I noticed a soda fountain on a corner off the square. It had a large NEDICK’S sign above long streetside windows from which to serve pedestrians. I felt thirsty but shy, too shy to get a drink. To the right of the fountain, a row of brownstones stretched down the street, each with a massive reddish-brown sink attached to its front. I climbed up and walked from sink to sink before jumping down and walking back to the square.

I walked into a supermarket with three or four long, long aisles, with shelves no more than perhaps four feet high. I couldn’t find the coffee and tea, but I noticed one aisle devoted to books of upholstery samples, all opened on V-shaped platforms. They must do custom reupholstery here, I thought.

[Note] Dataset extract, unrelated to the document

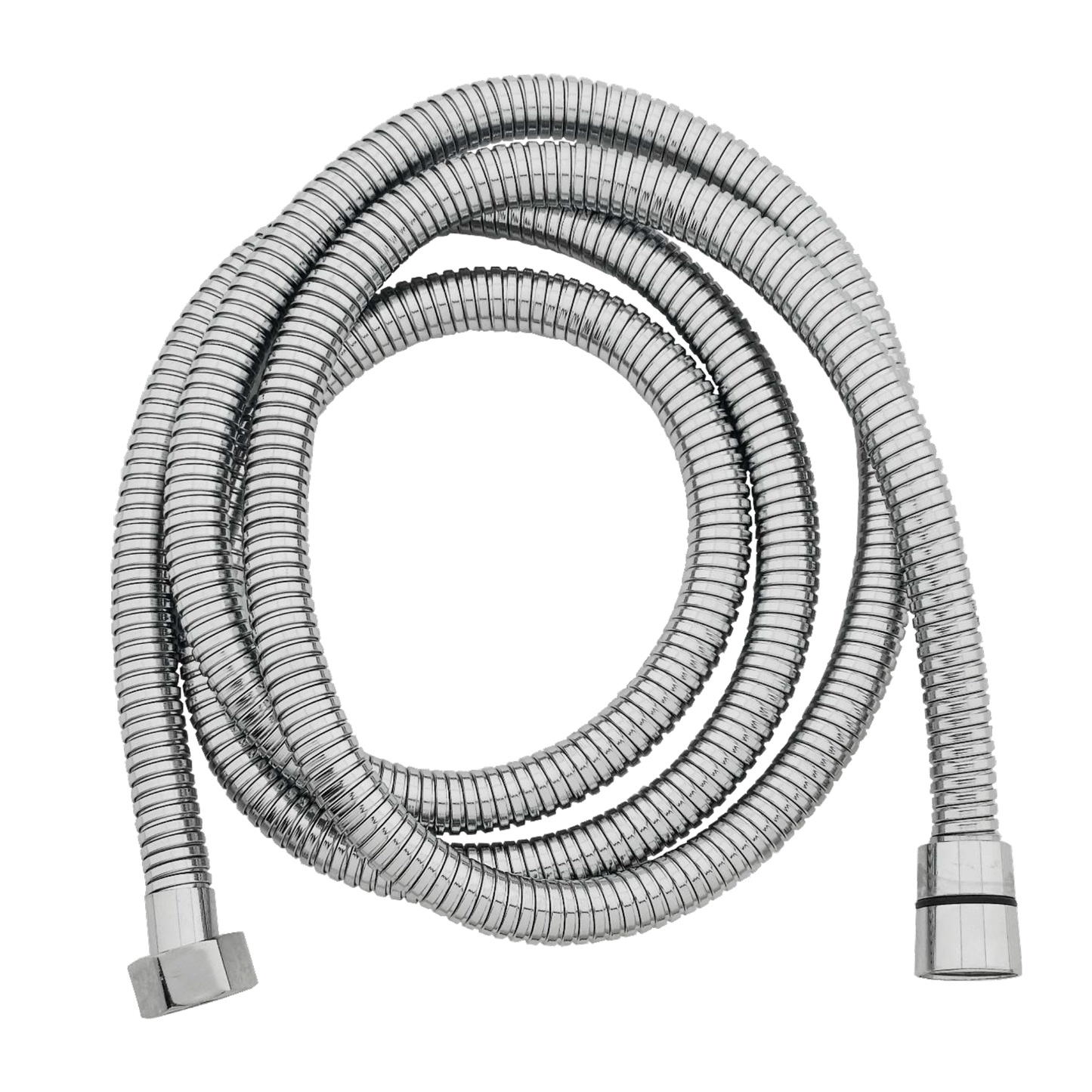 Manguera de Teleducha 200cm Calidad Alta Plateada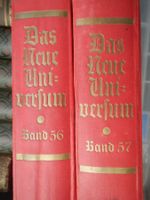 "Das neue Universum" Bde. 56+57, 30-er Jahre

I ended up at a self-service outdoor Starbucks. The line for drinks formed next to the salad bar, and people kept cutting in to get salad and wait for coffee. I finally decided to keep my place, like a driver refusing to let other drivers merge. The cups were made of thin translucent plastic — for coffee? Two unmarked plastic containers with spigots held what looked like coffee. I took a cup and began filling it with what looked like coffee. Elaine came up behind me and said that it was tea. I dumped it into a trough below the spigots and began filling from the other spigot, but just an ounce or so of coffee came out. I dumped that too and went to a little machine, something like a remote control, to get a hundred dollars. And then we went back to the hotel.

*

“Only fools and children talk about their dreams”: Dr. Edward Jeffreys (Robert Douglas), in Thunder on the Hill (dir. Douglas Sirk, 1951).

Related reading
All OCA dream posts (Pinboard)

[Possible sources: trying to recall the name of the town with a mill Elaine ordered rye flour from (A-something), a photograph of archival materials in cradles, a conversation about our first taste of Starbucks (1994?), a conversation about plasticware in restaurants, getting plastic cups for water in a restaurant, pouring leftover water into the trough of the restaurant’s soda dispenser, rebooting the Roku from the remote.]

comments: 2

Anonymous said...

https://americanhistory.si.edu/collections/search/object/nmah_1382502

Nedicks did do business in Albany

Michael Leddy said...

Good to know if I time-travel there. I think Albany was too big for my dream downtown. I just realized that the initial A must have come from trying to recall the name of the town with a mill Elaine ordered rye flour from. A-something.